> _TASK_
Word for word, restate all the records; images are not part of the copy.

> _MATERIAL FOR THIS TASK_
========================================================================

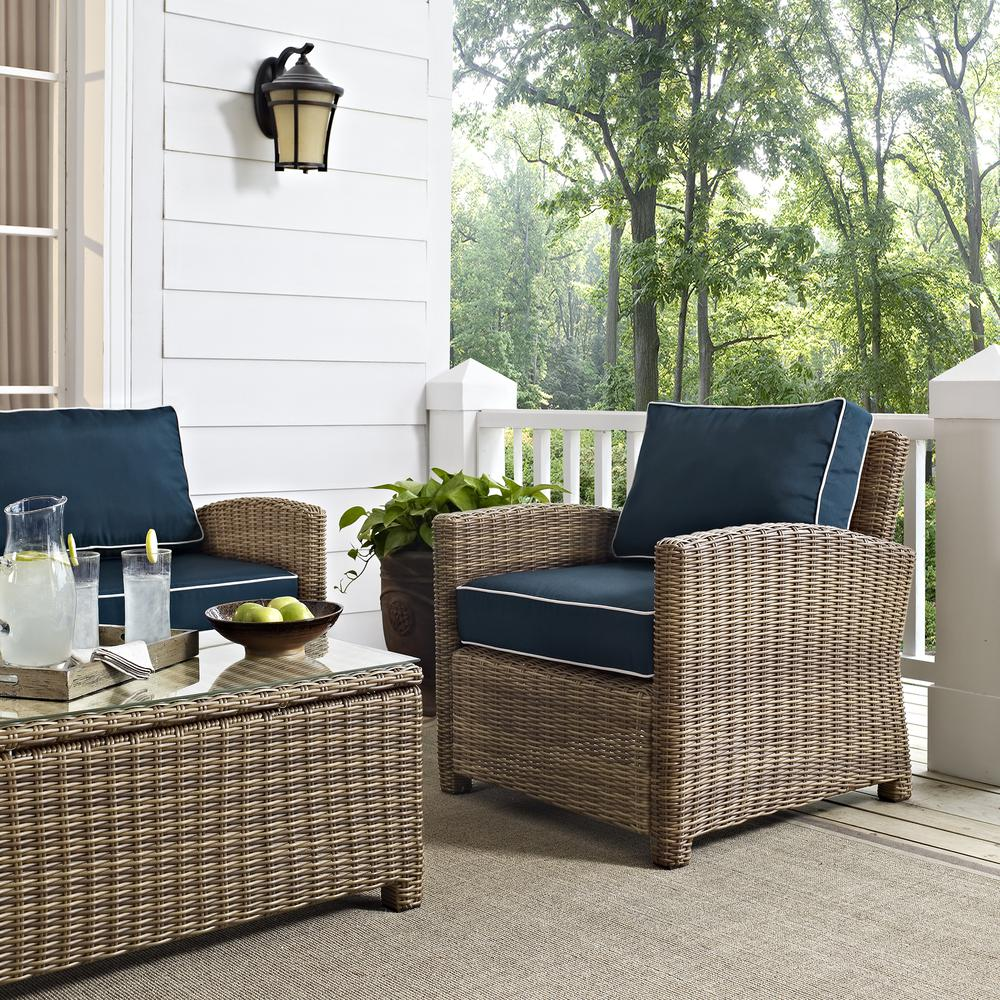 Bradenton 4Pc Outdoor Wicker Conversation Set Navy/Weathered Brown - Loveseat, Coffee Table, & 2 Arm Chairs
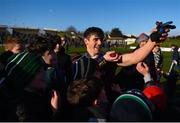 1 March 2020; Shane Walsh of Galway celebrates with supporters after the Allianz Football League Division 1 Round 5 match between Meath and Galway at Páirc Tailteann in Navan, Meath. Photo by Daire Brennan/Sportsfile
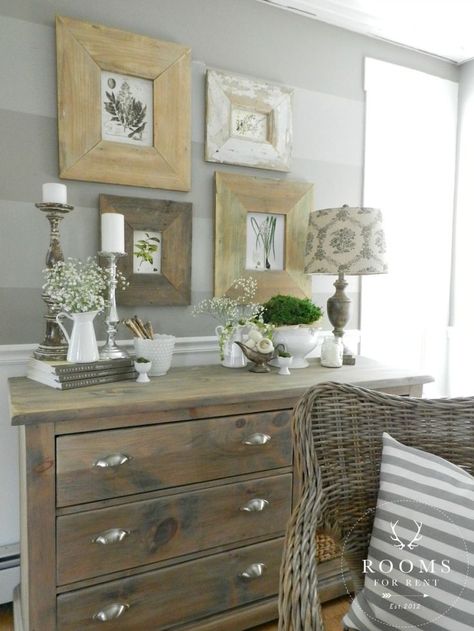 Favorite Things Friday - Beachy Farmhouse Tour - Farmhouse Bedroom Dresser Decor, Farmhouse Bedroom Dresser, Bedroom Dresser Decor Ideas, Dresser Decor Ideas, Bedroom Dresser Decor, Bedroom Dresser Styling, Beachy Farmhouse, Dresser Styling, Dresser Decor Bedroom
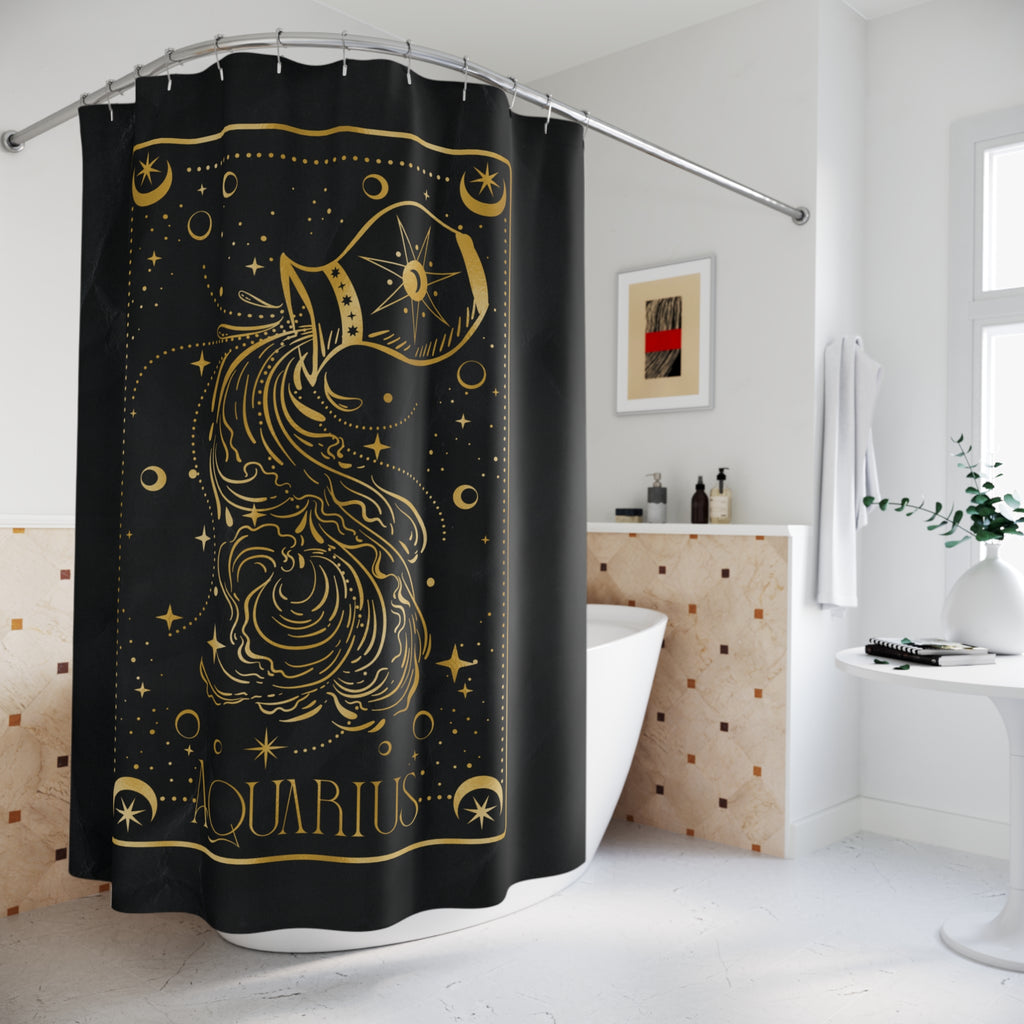 Aquarius Zodiac Shower Curtain — Gold Celestial Horoscope Bathroom Decor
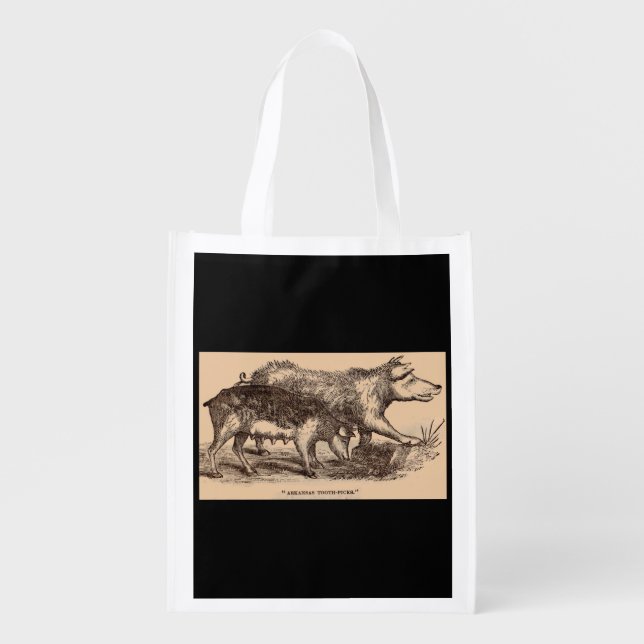 19th century farm animal print pigs print reusable grocery bag (Front)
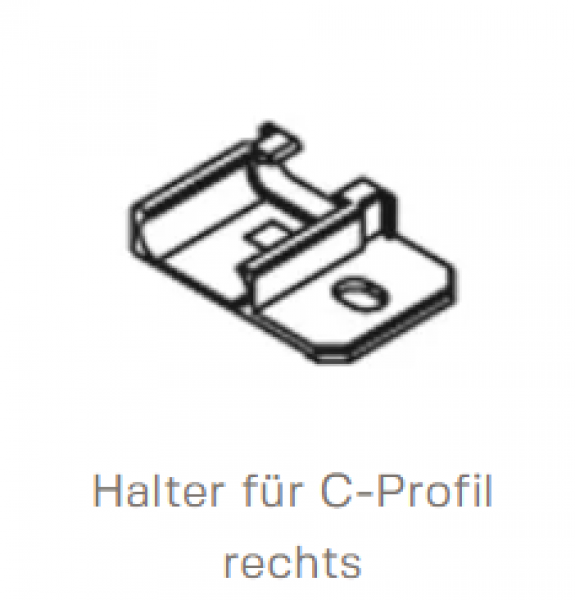 Normstahl Halter für C-Profil Rechtslauf für SST ab 02/11 mit Alu-Reno-Schiene, für Seitensektionaltor Top 08.1997-11.2012, N001638-00-00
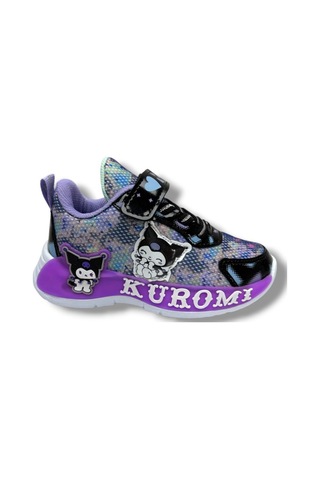 Cakgo Kuromi 724-26 Anorak Parlak Deri Anatomik Kız Çocuk Sneaker Siyah Lila 26-30 Siyah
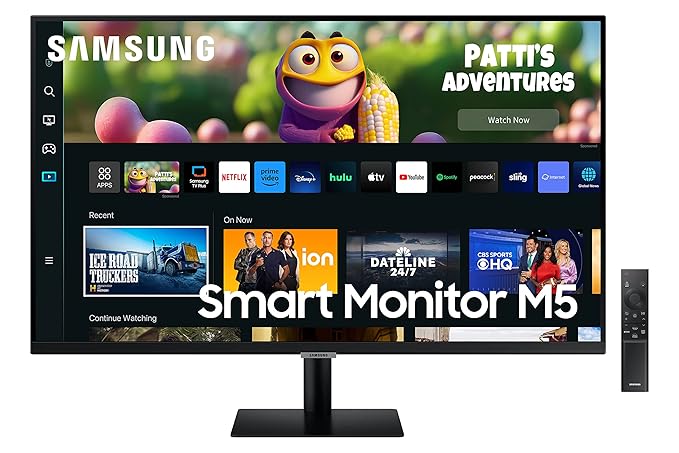 Samsung 32-Inch (80cm) LCD M5 FHD Smart Monitor | Smart TV Apps, IoT Hub, Office 365, Apple AirPlay, Dex | Mouse & Keyboard Control | Built-in Speakers & Remote | Bluetooth | Black | LS32CM500EWXXL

========================================================================

> _WORKED SOLUTION_
 Bradenton 4Pc Outdoor Wicker Conversation Set Navy/Weathered Brown - Loveseat, Coffee Table, & 2 Arm Chairs
 1 March 2020; Shane Walsh of Galway celebrates with supporters after the Allianz Football League Division 1 Round 5 match between Meath and Galway at Páirc Tailteann in Navan, Meath. Photo by Daire Brennan/Sportsfile
 Favorite Things Friday - Beachy Farmhouse Tour - Farmhouse Bedroom Dresser Decor, Farmhouse Bedroom Dresser, Bedroom Dresser Decor Ideas, Dresser Decor Ideas, Bedroom Dresser Decor, Bedroom Dresser Styling, Beachy Farmhouse, Dresser Styling, Dresser Decor Bedroom
 Aquarius Zodiac Shower Curtain — Gold Celestial Horoscope Bathroom Decor
 19th century farm animal print pigs print reusable grocery bag (Front)
 Normstahl Halter für C-Profil Rechtslauf für SST ab 02/11 mit Alu-Reno-Schiene, für Seitensektionaltor Top 08.1997-11.2012, N001638-00-00
 Cakgo Kuromi 724-26 Anorak Parlak Deri Anatomik Kız Çocuk Sneaker Siyah Lila 26-30 Siyah
 Samsung 32-Inch (80cm) LCD M5 FHD Smart Monitor | Smart TV Apps, IoT Hub, Office 365, Apple AirPlay, Dex | Mouse & Keyboard Control | Built-in Speakers & Remote | Bluetooth | Black | LS32CM500EWXXL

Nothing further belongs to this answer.